Una società capitalistica non può permettersi che sia il capitale che rincorra il lavoro ma esattamente il contrario, specialmente se si ha intenzioni di riportare dentro i confini nazionali alcune produzioni strategiche ai fini geopolitici riguardanti le tecnologie più avanzate, in modo tale da sottrarre qualsiasi vantaggio competitivo al principale (unico?) sfidante degli USA, vale dire la Cina.
Tutto questo discorso per dirvi semplicemente che, per quanto mi riguarda, non monitorerò più quello che molti pomposamente chiamano pivot dell’inflazione, che è un po’ come Godot, bensì il tasso di disoccupazione. Quando questo crescerà in misura tale da permettere alle aziende di assumere lavoratori a condizioni migliori delle attuali, allora probabilmente le politiche monetarie in USA muteranno, e a stretto giro così almeno era anche in Europa, non prima.

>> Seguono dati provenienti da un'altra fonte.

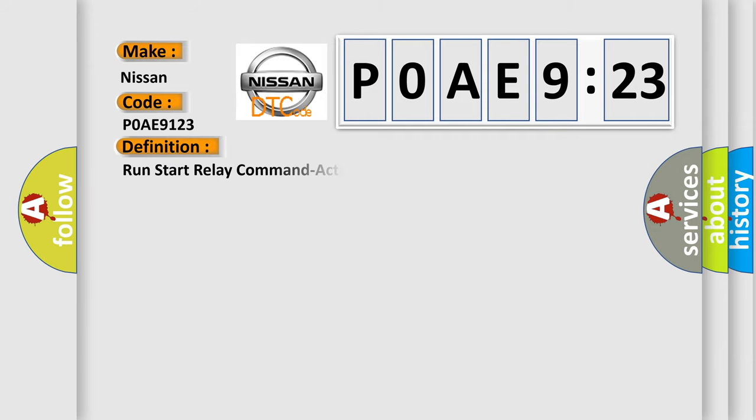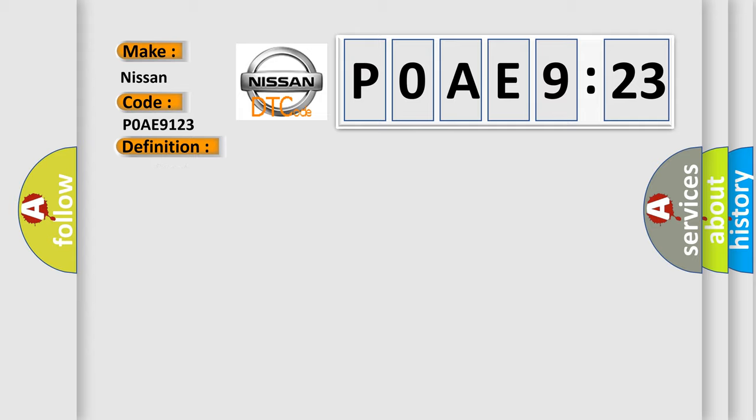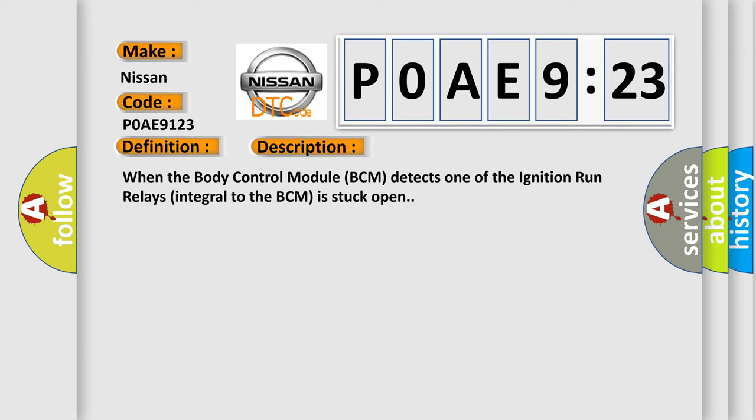The basic definition is: run start relay command actuator stuck closed. And now this is a short description of this DTC code. When the body control module BCM detects one of the ignition run relays integral to the BCM is stuck open.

Dopo tutto questo “pippone” in ottica macro, per farmi perdonare, visto anche che la prossima settimana è Natale e quindi non uscirà un altro post vi presento due certificati che hanno come sottostante Telecom Italia ma che si rivolgono a un pubblico abbastanza diverso e dando Quindi un funzionamento altrettanto diverso. Partiamo dal primo:
- Tipo: Bonus Cap
- ISIN: DE000HB9YNA3
- Sottostante: Telecom Italia
- Scadenza: 09/2023
- Bonus: 135€
- Barriera: 0,1182€
Questo Primo certificato è rivolto soprattutto a chi ha un alto profilo di rischio e ha subito delle perdite dovute al ribasso del titolo stesso Telecom Italia. Notate subito che trattandosi di un bonus cap, la barriera è continua ciò significa che basta che media toccata anche solo una volta durante la vita del prodotto è il bonus non sarà più percepibile mentre il certificato sarà una replica lineare del sottostante. D’altro canto Il guadagno potenziale è estremamente elevato visto che verrà rimborsato a settembre dell’anno prossimo ad un prezzo di €135 è acquistabile a 103€. Annualizzando così il guadagno otteniamo un 41.7%.
La barriera e altresì distante, visto che abbiamo ancora un cuscinetto pari al 41,8% ed i livelli di barriera non sono mai stati toccati nella storia del titolo. È anche vero che nella sua storia Telecom Italia ha distrutto tutti i suoi minimi storici per cui da questo titolo ci si può sempre aspettare di tutto, d’altronde un 41,7% non è mai gratis!
Il secondo certificato invece ha un profilo decisamente più conservativo anche se stiamo sempre parlando di Telecom Italia:
- Tipo: Cash Collect
- ISIN: GB00BQP57C21
- Sottostante: Telecom Italia
- Scadenza: 03/11/2025
- Cedola: 0,75€ mensile (9% annuo)
- Barriera: 0,0832€.
Qui entriamo più nella nostra comfort zone, abbiamo un classico Cash collect con una durata poco inferiore ai 3 anni e con una cedola mensile di €0.75, pari al 9% l’anno sul prezzo nominale. Essendo il certificato acquistabile poco sotto i €98 il guadagno complessivo analizzato si aggira attorno al 10%.
Quello che però è valutato ed è la peculiarità di questo certificato è l’enorme distanza dalla barriera. Infatti Essa si pone al 35% del prezzo di Strike, in altre parole abbiamo un cuscinetto del 60% sui prezzi attuali visto che comunque dall’emissione il titolo è ancora sceso. Pur trattandosi di telecom Italia dobbiamo mettere sul piatto della bilancia che il certificato ha un unico sottostante e una barriera veramente considerevole: A quel prezzo Telecom Italia capitalizzerebbe molto meno di qualsiasi stima fatta sulla propria rete.
A questo punto ad ognuno di voi la propria scelta.
Vi auguro un buon natale e ci risentiamo presto.
Tengo infine a precisare che, come tutti i post di questo blog, questo non vuole essere assolutamente un invito all’acquisto, bensì un analisi indipendente fatta in questi giorni dal sottoscritto.